## Records shown:
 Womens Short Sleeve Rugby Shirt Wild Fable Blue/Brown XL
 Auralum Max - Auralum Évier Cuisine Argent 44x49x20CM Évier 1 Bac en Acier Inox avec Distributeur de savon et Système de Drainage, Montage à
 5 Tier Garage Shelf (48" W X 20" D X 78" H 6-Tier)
...
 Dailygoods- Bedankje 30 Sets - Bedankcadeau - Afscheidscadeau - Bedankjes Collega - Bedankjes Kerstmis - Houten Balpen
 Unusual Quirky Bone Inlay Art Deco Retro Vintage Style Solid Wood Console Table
...
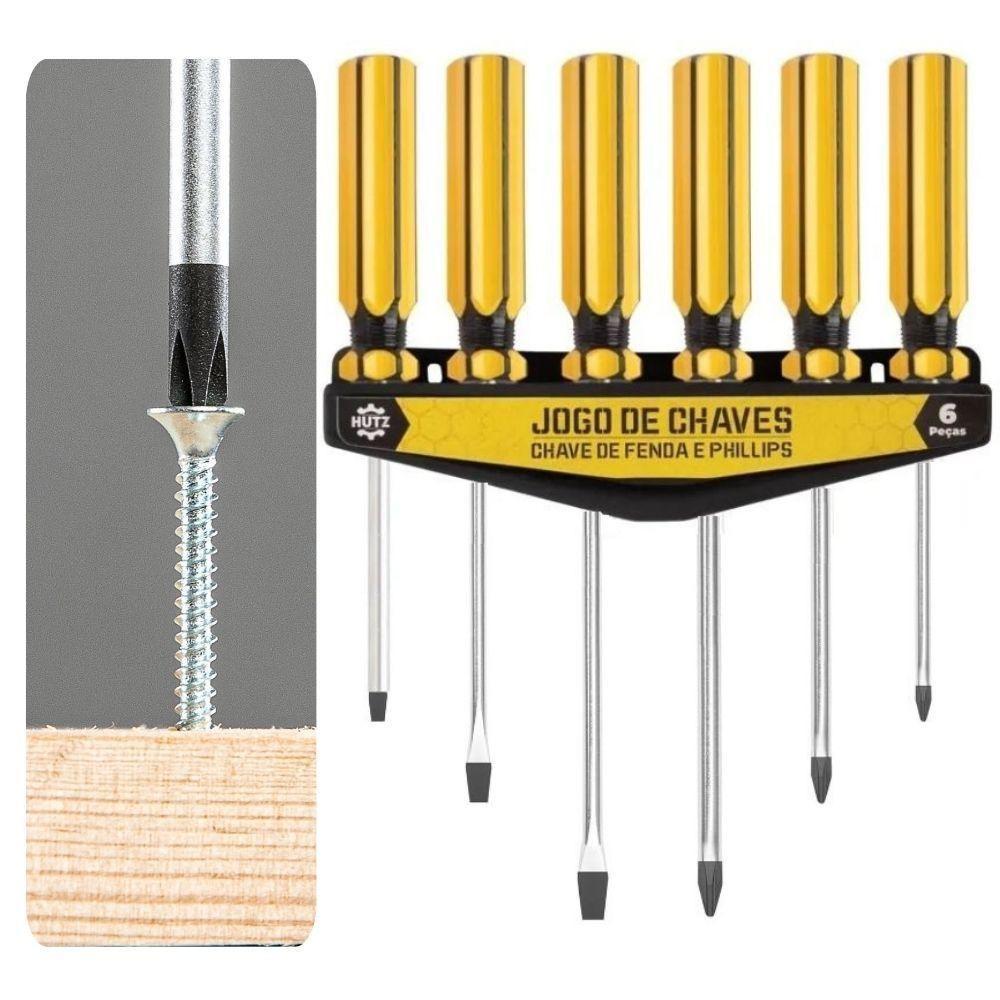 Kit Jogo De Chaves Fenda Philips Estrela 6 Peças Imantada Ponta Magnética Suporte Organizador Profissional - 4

## Exercise:
In the listing above, find the line with "Dailygoods- Bedankje 30" and the line with "Unusual Quirky Bone". Output those two lines and every line between them, exactly as written.

## Response to this task:
 Dailygoods- Bedankje 30 Sets - Bedankcadeau - Afscheidscadeau - Bedankjes Collega - Bedankjes Kerstmis - Houten Balpen
 Unusual Quirky Bone Inlay Art Deco Retro Vintage Style Solid Wood Console Table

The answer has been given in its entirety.